Work instruction ▸ What you return must match the listing below character for character, minus any pictures.

Data supplied ▸

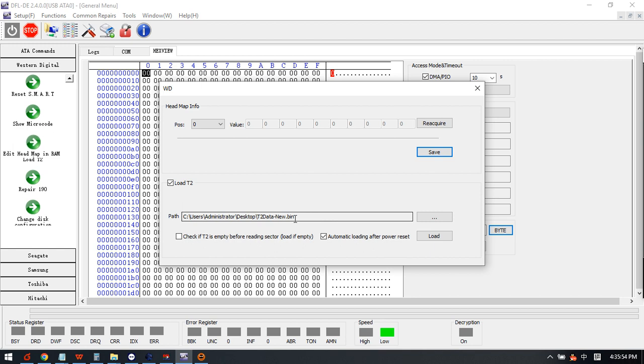So this is how we use the latest software from Dolphin Data Lab to fix the latest Western Digital SMR hard drives. This one is very powerful.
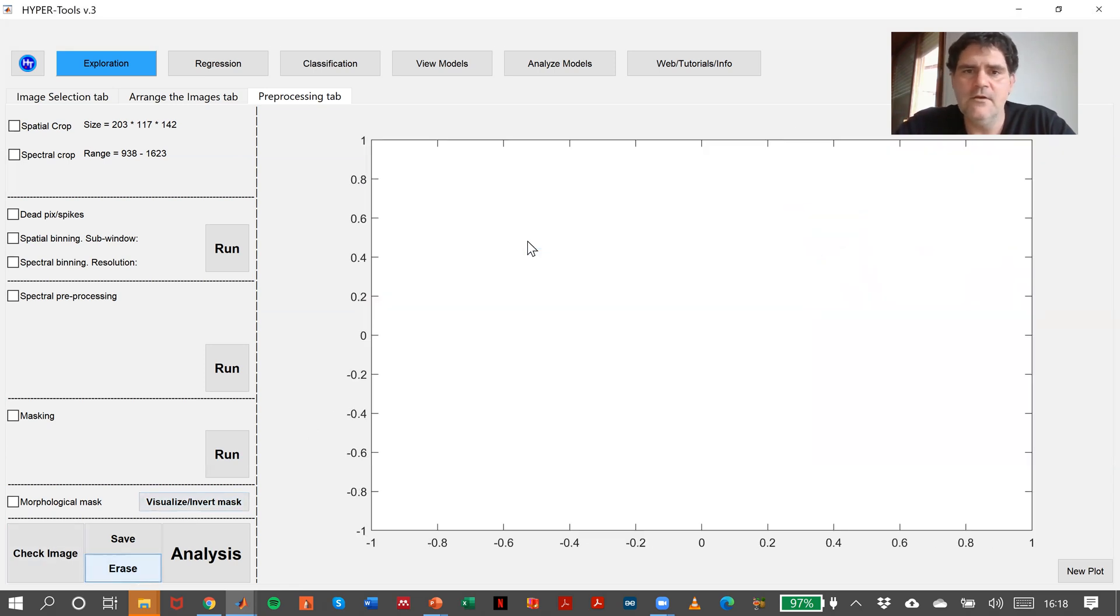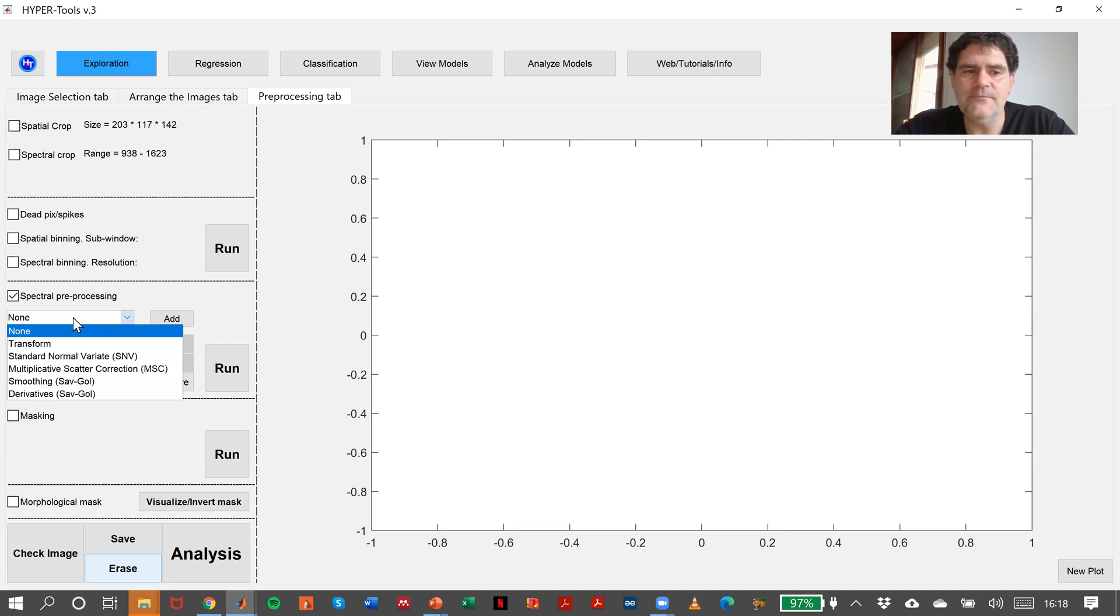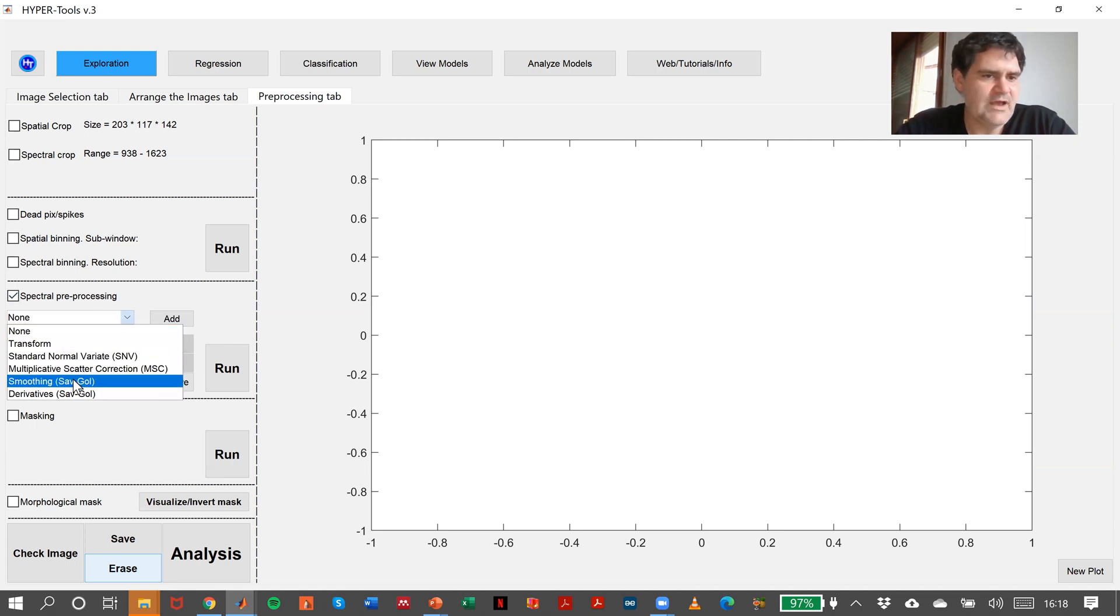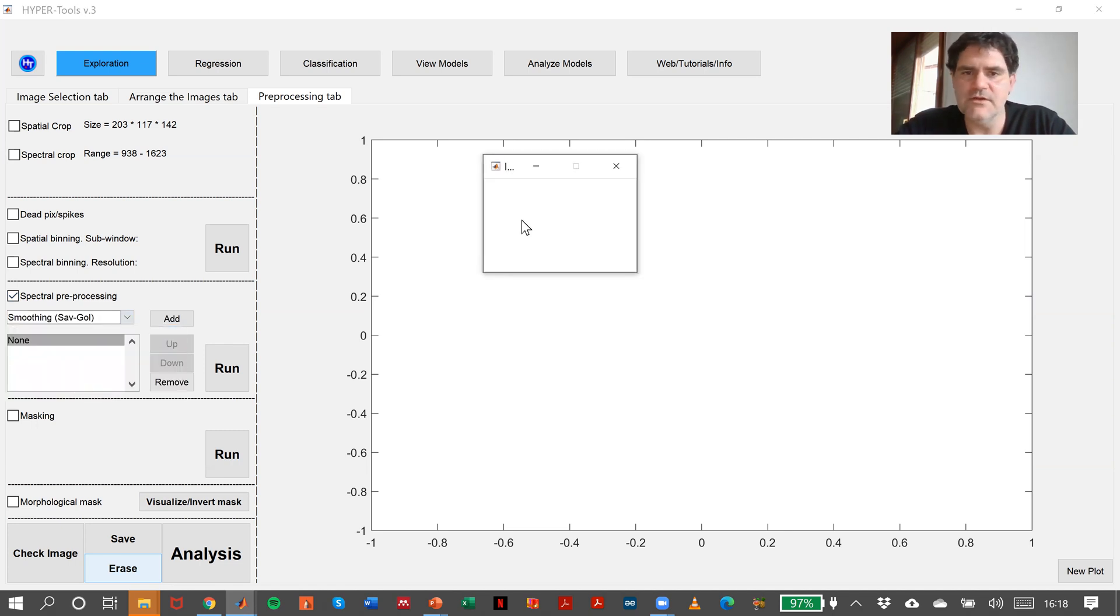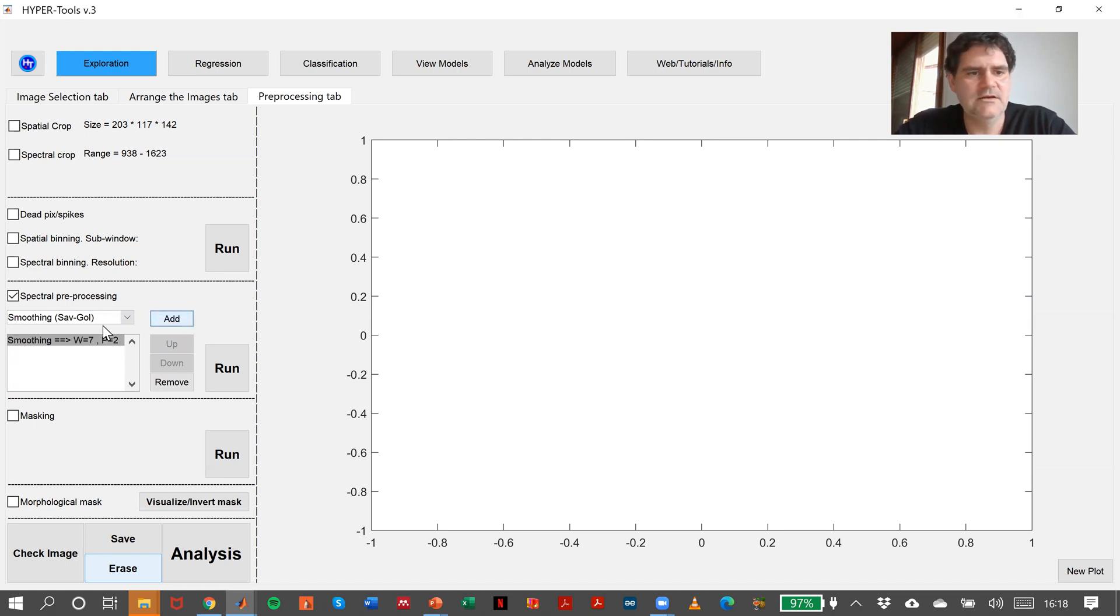But look how things change when, for instance, I make a spectral preprocessing method before. Like a little bit of smoothing, seven points, and a standard normal variate. This is the data.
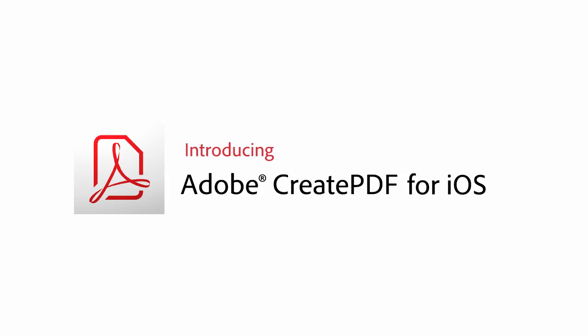You may already be familiar with our application for Create PDF designed for Android devices. Well, now those of you with an iOS device, such as an iPad, an iPod Touch, or an iPhone, can rejoice.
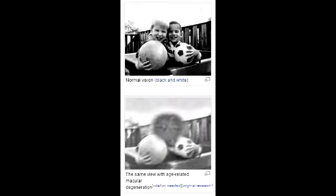What is wet exudative age-related macular degeneration? Wet exudative AMD is characterized by rapid loss of vision due to bleeding secondary to choroidal neovascularization.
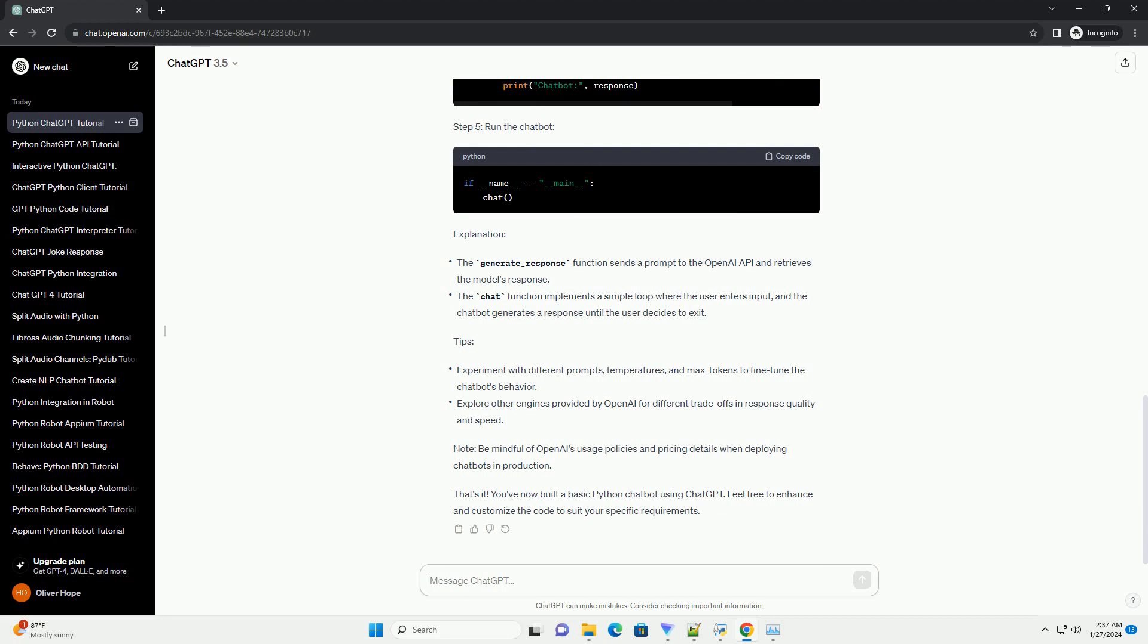That's it. You've now built a basic Python chatbot using ChatGPT. Feel free to enhance and customize the code to suit your specific requirements.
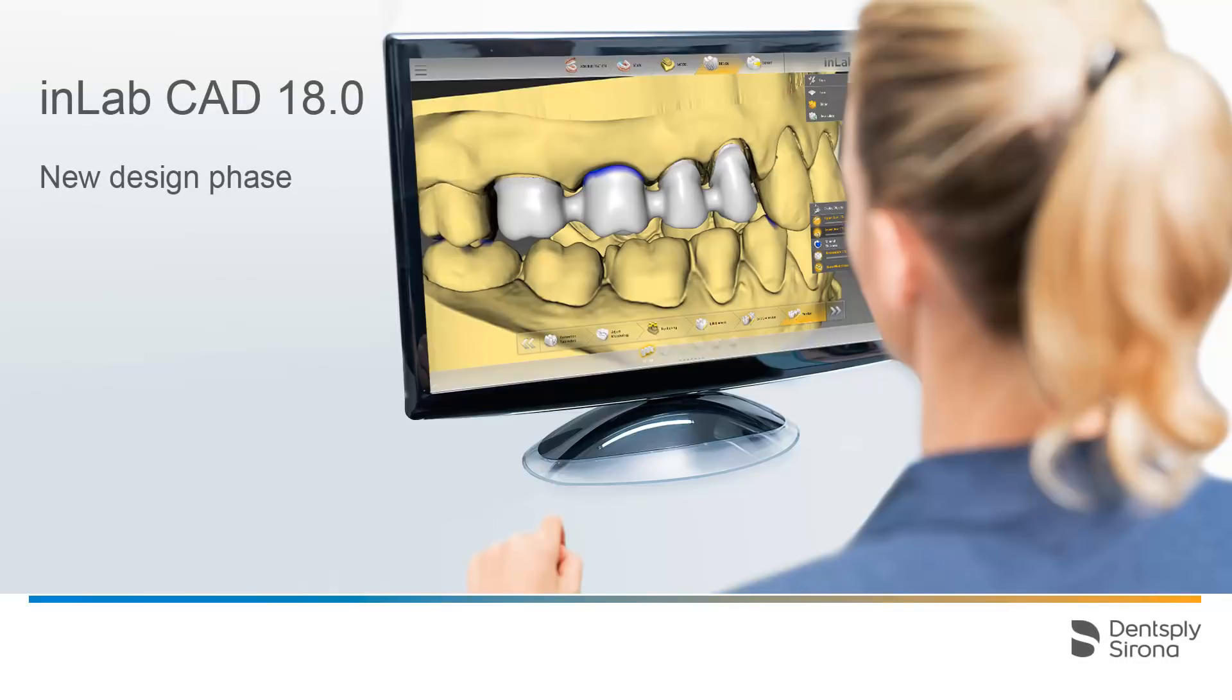Welcome to this video tutorial on the new design phase for InLab Software 18.0. In this video, we will be guiding you through the Step menu, including the relevant options for editing your restoration.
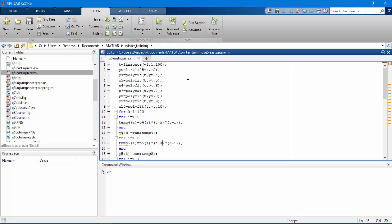What these two loops do is they calculate the polynomial for the particular value of k. That is, since we have in p4 the values a0 to a4, we will put it in the form y4 equals a0 plus a1x plus a2x squared and so on, and evaluate the value of the polynomial for each value of t.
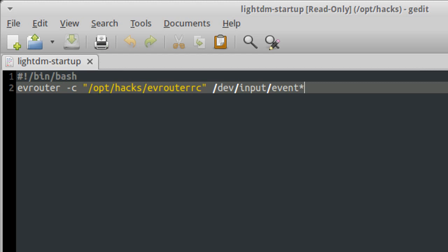So now whenever you log in through LightDM, it'll run that script, which will run evrouter using those settings. So just restart your computer to restart LightDM properly. And then when you log in, your mouse button should work fine.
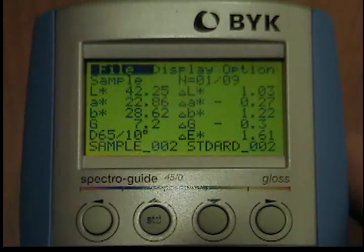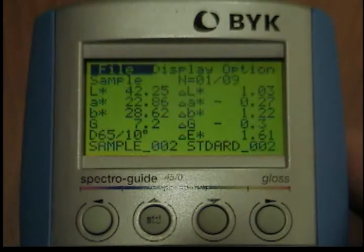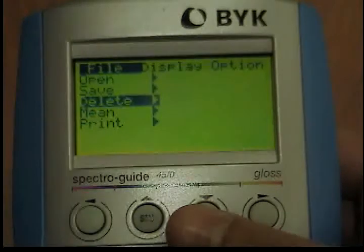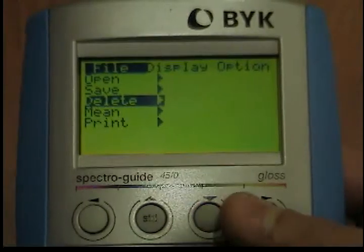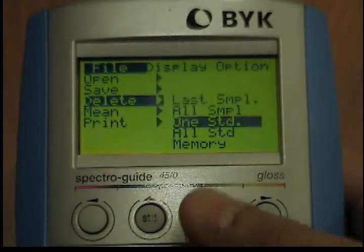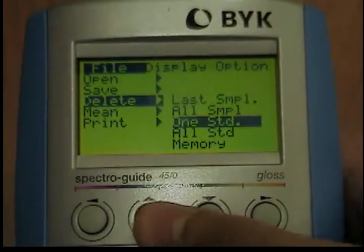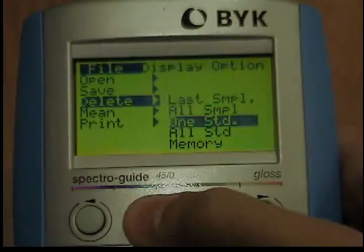Use the cursor buttons to cancel the operation. Last Sample indicates that the most recently stored sample will be deleted. Memory indicates that all samples and standards will be deleted.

Output for this task ▸
So this is how we use the latest software from Dolphin Data Lab to fix the latest Western Digital SMR hard drives. This one is very powerful.
But look how things change when, for instance, I make a spectral preprocessing method before. Like a little bit of smoothing, seven points, and a standard normal variate. This is the data.
You may already be familiar with our application for Create PDF designed for Android devices. Well, now those of you with an iOS device, such as an iPad, an iPod Touch, or an iPhone, can rejoice.
What is wet exudative age-related macular degeneration? Wet exudative AMD is characterized by rapid loss of vision due to bleeding secondary to choroidal neovascularization.
That's it. You've now built a basic Python chatbot using ChatGPT. Feel free to enhance and customize the code to suit your specific requirements.
Welcome to this video tutorial on the new design phase for InLab Software 18.0. In this video, we will be guiding you through the Step menu, including the relevant options for editing your restoration.
What these two loops do is they calculate the polynomial for the particular value of k. That is, since we have in p4 the values a0 to a4, we will put it in the form y4 equals a0 plus a1x plus a2x squared and so on, and evaluate the value of the polynomial for each value of t.
So now whenever you log in through LightDM, it'll run that script, which will run evrouter using those settings. So just restart your computer to restart LightDM properly. And then when you log in, your mouse button should work fine.
Use the cursor buttons to cancel the operation. Last Sample indicates that the most recently stored sample will be deleted. Memory indicates that all samples and standards will be deleted.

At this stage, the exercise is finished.